If \(F(u)\) is \(\tan (u)\) or \(\tanh (u)\) the corresponding derivative is given by

\[F^{(1)} (u) = 1 \pm F(u)^2\]

Given \(X(t)\), we define the function \(Z(t) = F[ X(t) ]\). It follows that

\[Z^{(1)} (t) = F^{(1)} [ X(t) ] X^{(1)} (t) = [ 1 \pm Y(t) ] X^{(1)} (t)\]

where we define the function \(Y(t) = Z(t)^2\).

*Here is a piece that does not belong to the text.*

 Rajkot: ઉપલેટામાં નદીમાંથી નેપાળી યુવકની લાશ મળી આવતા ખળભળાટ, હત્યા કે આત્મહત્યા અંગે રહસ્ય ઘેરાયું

Taylor Coefficients Recursion

Suppose that we are given the Taylor coefficients up to order \(j\) for the function \(X(t)\) and up to order \(j-1\) for the functions \(Y(t)\) and \(Z(t)\). We need a formula that computes the coefficient of order \(j\) for \(Y(t)\) and \(Z(t)\). Using the equation above for \(Z^{(1)} (t)\), we have

\begin{eqnarray} \sum_{k=1}^j k z^{(k)} t^{k-1} & = & \sum_{k=1}^j k x^{(k)} t^{k-1} \pm \left[ \sum_{k=0}^{j-1} y^{(k)} t^k \right] \left[ \sum_{k=1}^j k x^{(k)} t^{k-1} \right] + o( t^{j-1} ) \end{eqnarray}

Setting the coefficients of \(t^{j-1}\) equal, we have

\begin{eqnarray} j z^{(j)} = j x^{(j)} \pm \sum_{k=1}^j k x^{(k)} y^{(j-k)} \\ z^{(j)} = x^{(j)} \pm \frac{1}{j} \sum_{k=1}^j k x^{(k)} y^{(j-k)} \end{eqnarray}

Once we have computed \(z^{(j)}\), we can compute \(y^{(j)}\) as follows:

\[y^{(j)} = \sum_{k=0}^j z^{(k)} z^{(j-k)}\]